PROBLEM DESCRIPTION — Starting with the first line of the data below, copy each line up to and including the one containing "17983 W Willow Dr Gallery 3". Pictures stay out.

Web page caption snippets
┌──

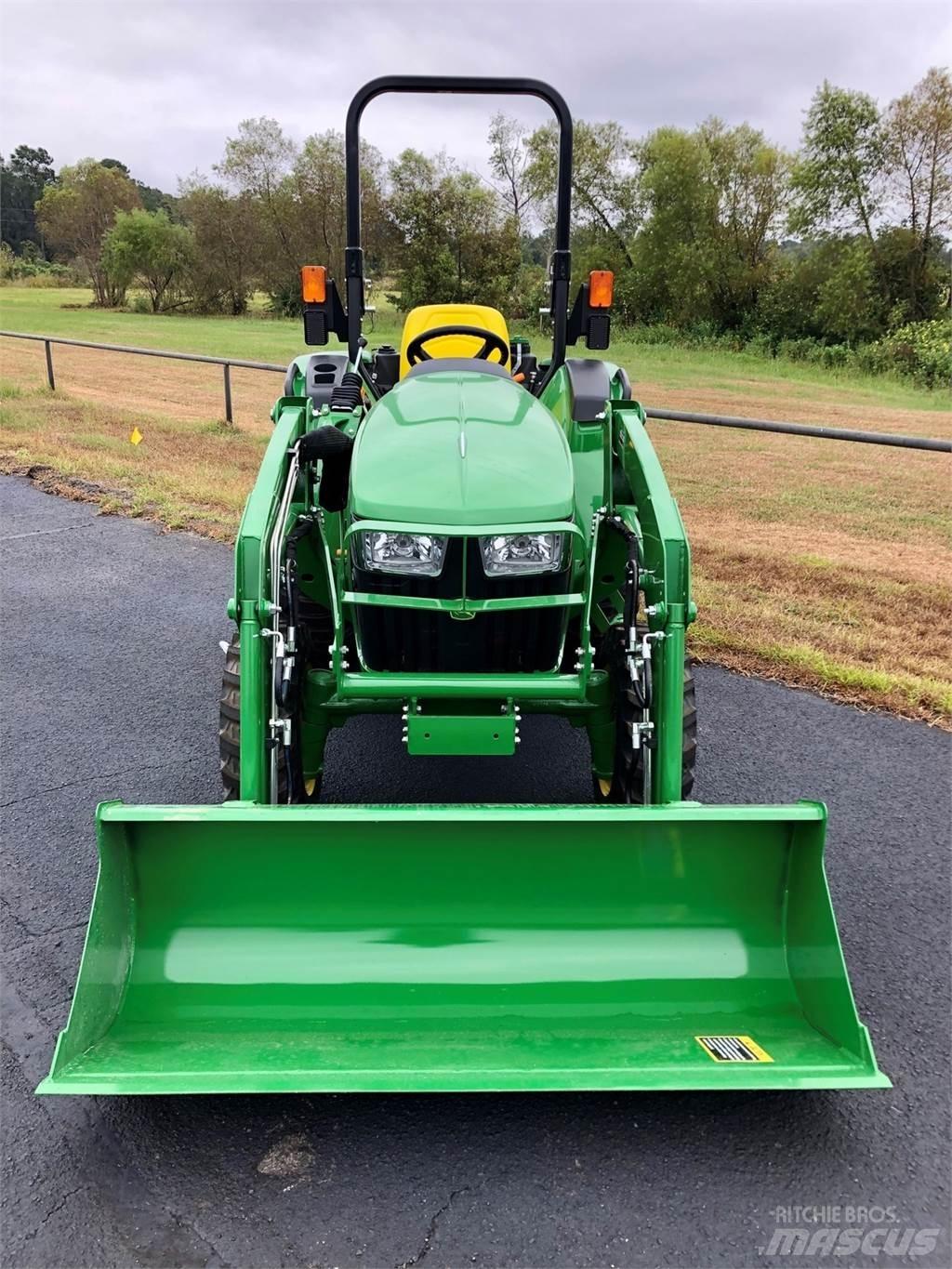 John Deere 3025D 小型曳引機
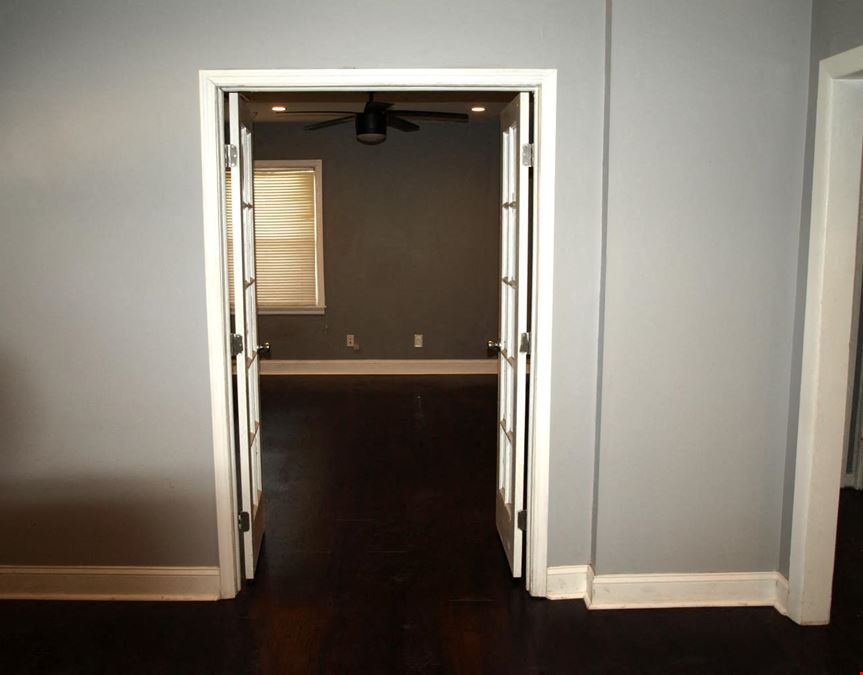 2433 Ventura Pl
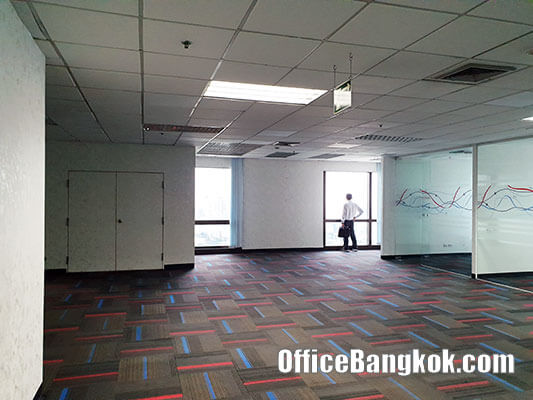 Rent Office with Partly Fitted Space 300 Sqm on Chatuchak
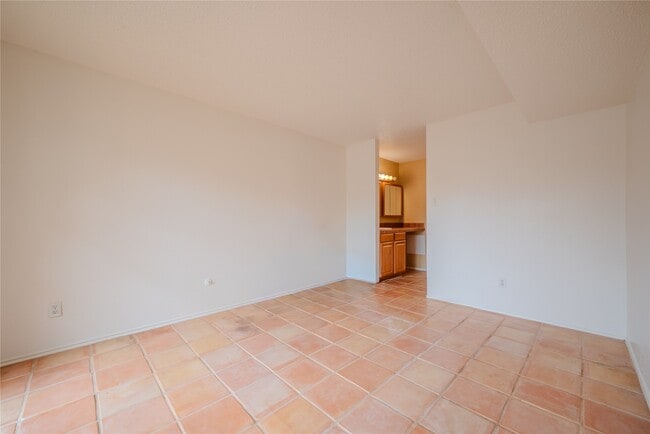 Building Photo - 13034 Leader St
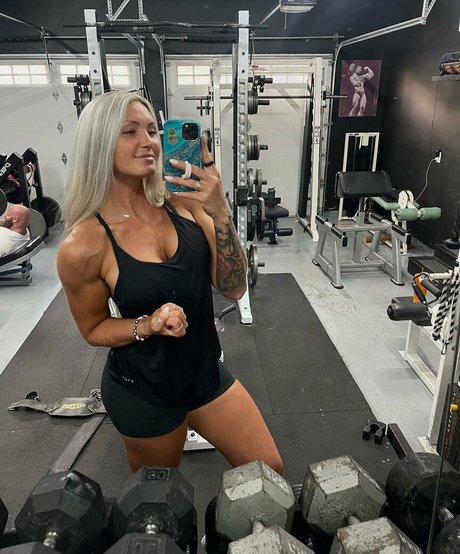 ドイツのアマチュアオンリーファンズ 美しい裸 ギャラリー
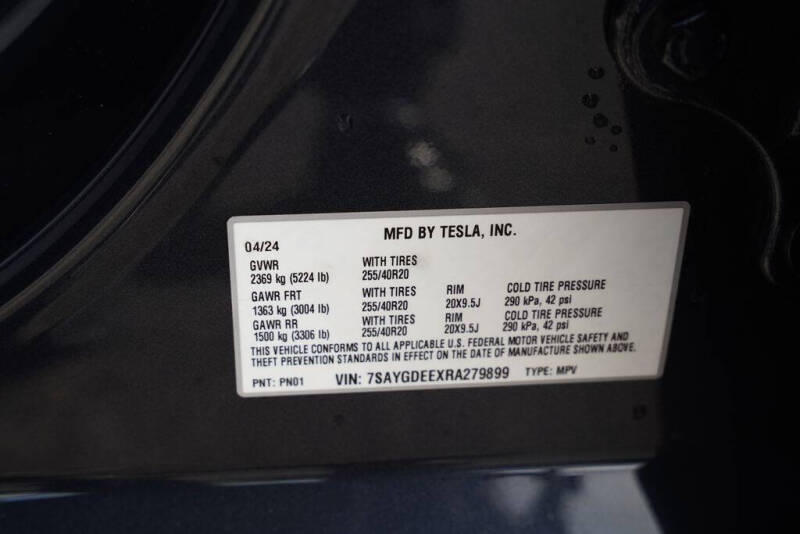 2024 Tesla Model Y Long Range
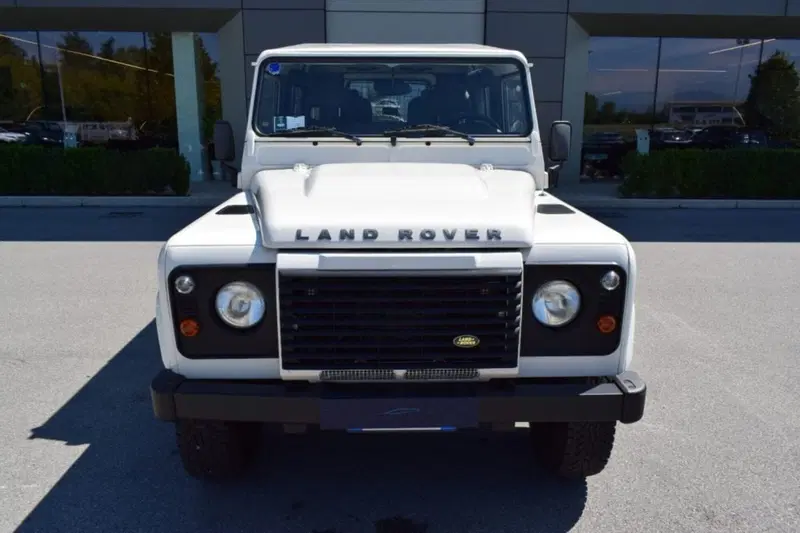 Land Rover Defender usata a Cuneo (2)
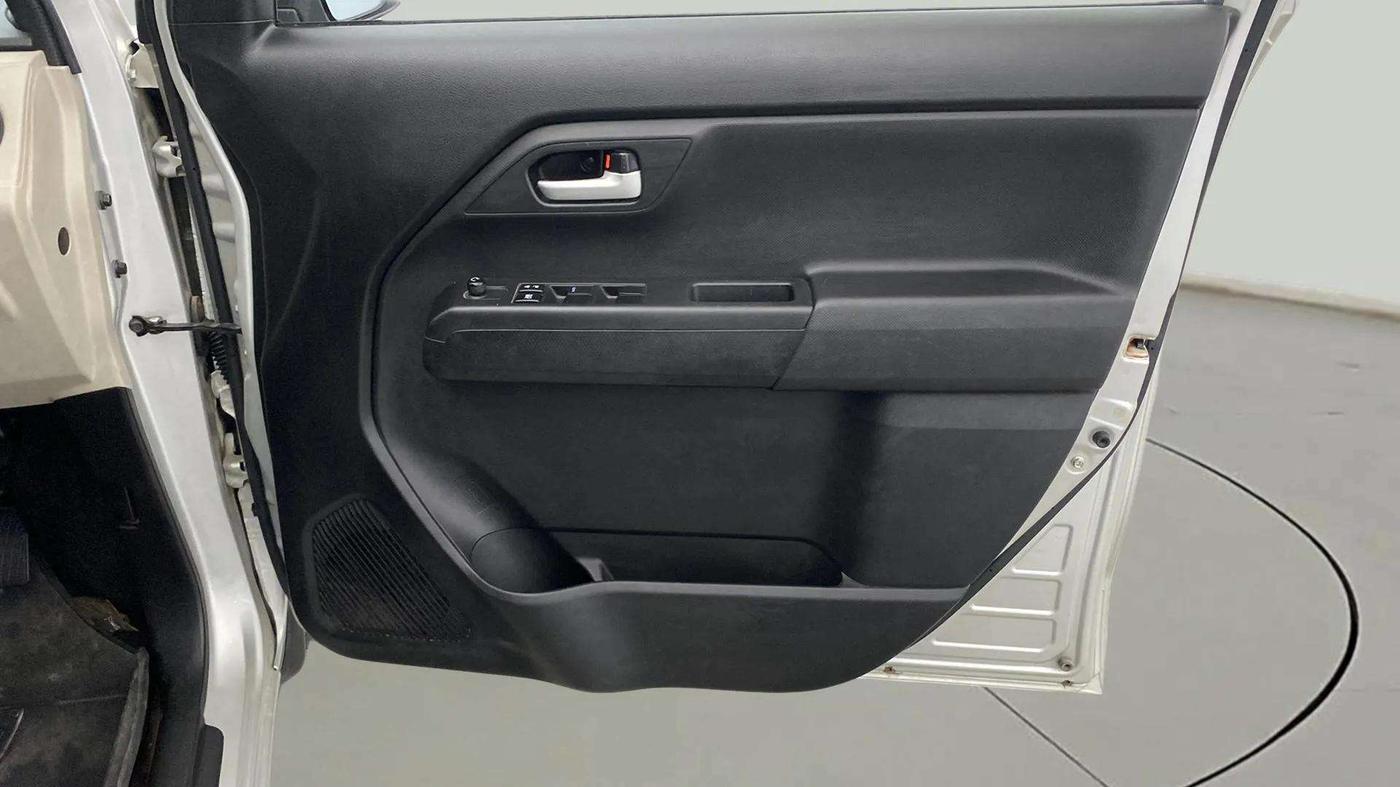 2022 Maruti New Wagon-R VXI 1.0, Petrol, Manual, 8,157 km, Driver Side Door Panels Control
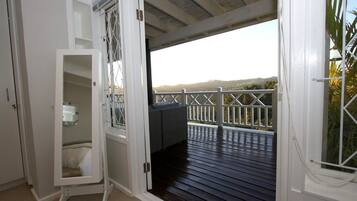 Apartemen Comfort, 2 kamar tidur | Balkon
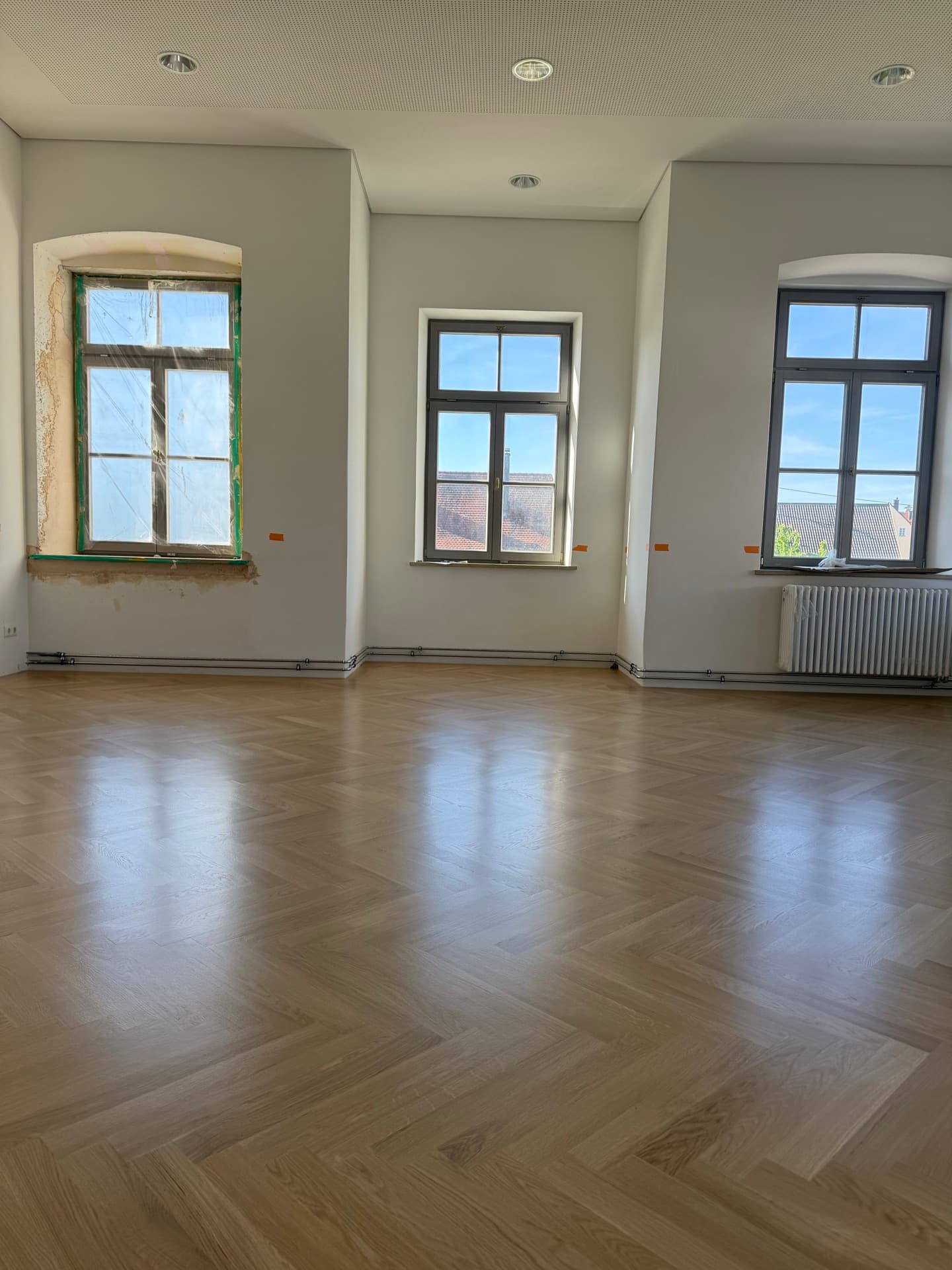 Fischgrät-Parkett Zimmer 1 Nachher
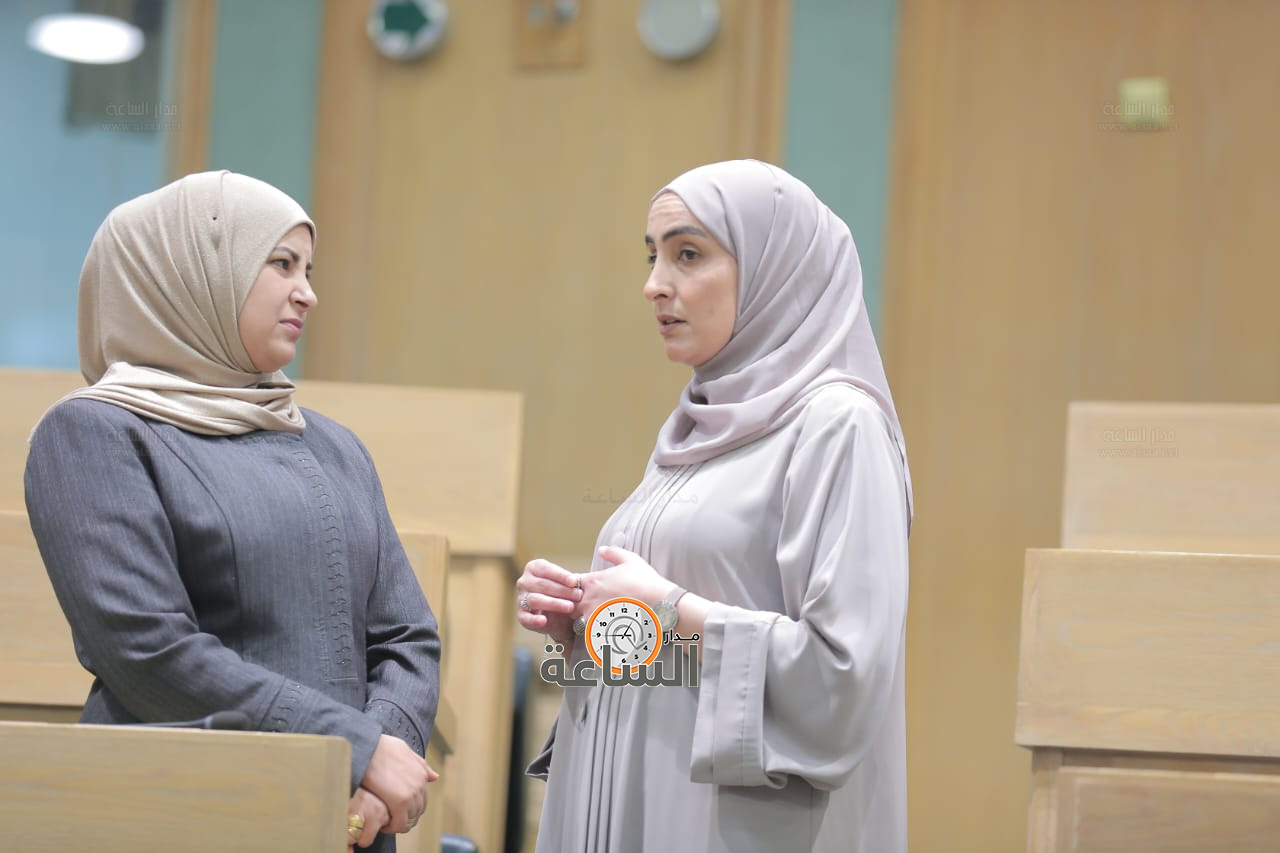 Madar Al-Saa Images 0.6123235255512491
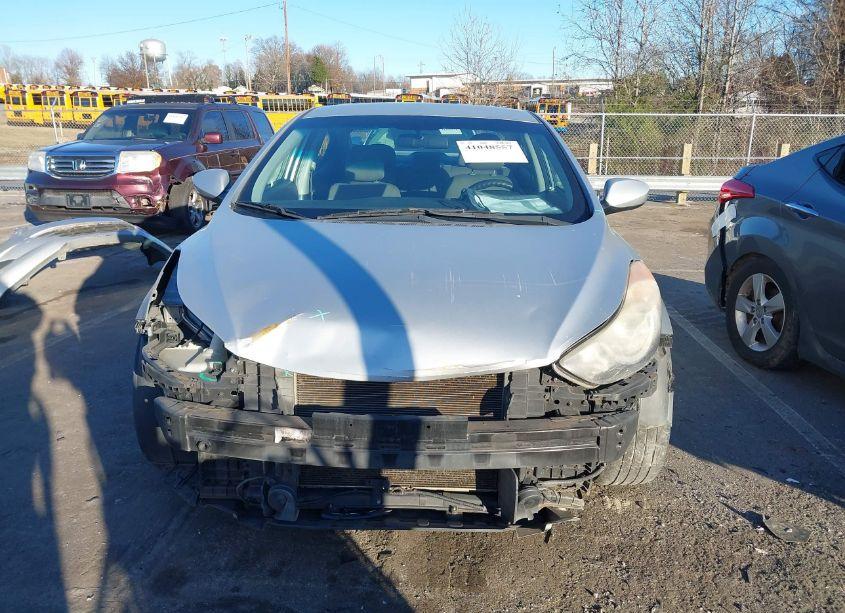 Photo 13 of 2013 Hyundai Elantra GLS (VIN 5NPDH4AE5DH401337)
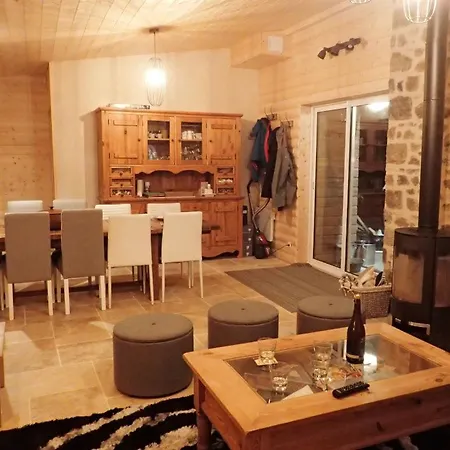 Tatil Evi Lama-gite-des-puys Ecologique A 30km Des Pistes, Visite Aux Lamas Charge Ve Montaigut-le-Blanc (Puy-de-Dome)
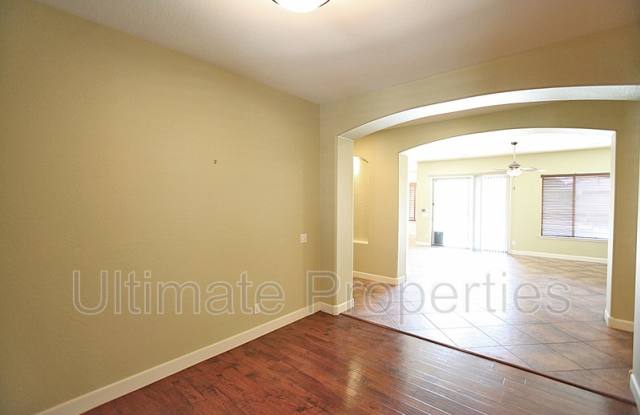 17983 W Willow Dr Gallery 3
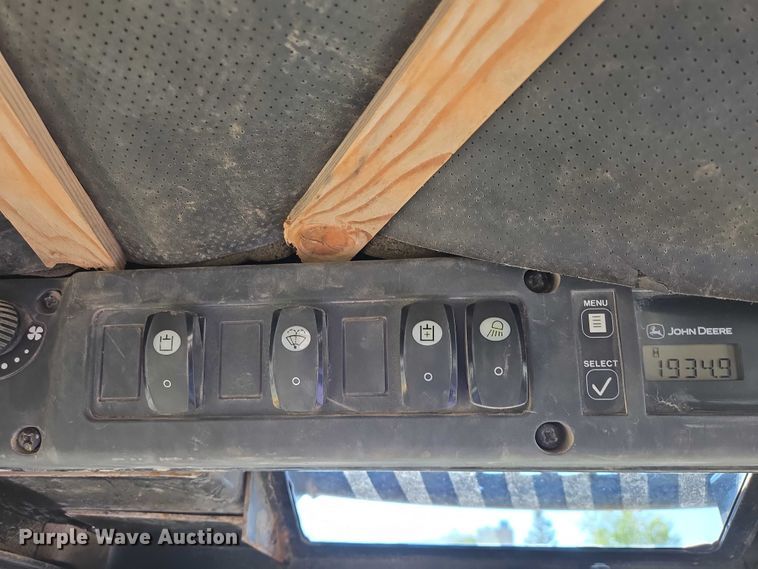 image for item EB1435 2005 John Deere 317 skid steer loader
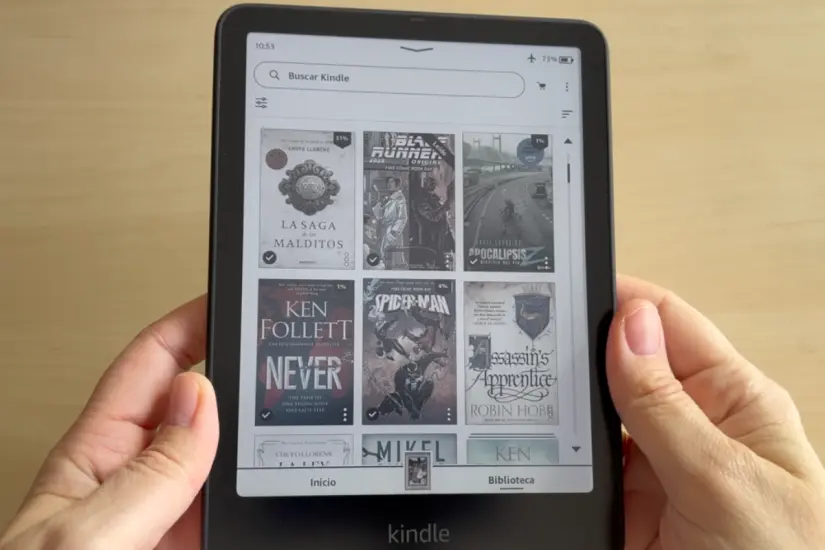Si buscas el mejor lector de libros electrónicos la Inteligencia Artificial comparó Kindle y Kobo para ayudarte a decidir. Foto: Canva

└──

WRITTEN ANSWER —
 John Deere 3025D 小型曳引機
 2433 Ventura Pl
 Rent Office with Partly Fitted Space 300 Sqm on Chatuchak
 Building Photo - 13034 Leader St
 ドイツのアマチュアオンリーファンズ 美しい裸 ギャラリー
 2024 Tesla Model Y Long Range
 Land Rover Defender usata a Cuneo (2)
 2022 Maruti New Wagon-R VXI 1.0, Petrol, Manual, 8,157 km, Driver Side Door Panels Control
 Apartemen Comfort, 2 kamar tidur | Balkon
 Fischgrät-Parkett Zimmer 1 Nachher
 Madar Al-Saa Images 0.6123235255512491
 Photo 13 of 2013 Hyundai Elantra GLS (VIN 5NPDH4AE5DH401337)
 Tatil Evi Lama-gite-des-puys Ecologique A 30km Des Pistes, Visite Aux Lamas Charge Ve Montaigut-le-Blanc (Puy-de-Dome)
 17983 W Willow Dr Gallery 3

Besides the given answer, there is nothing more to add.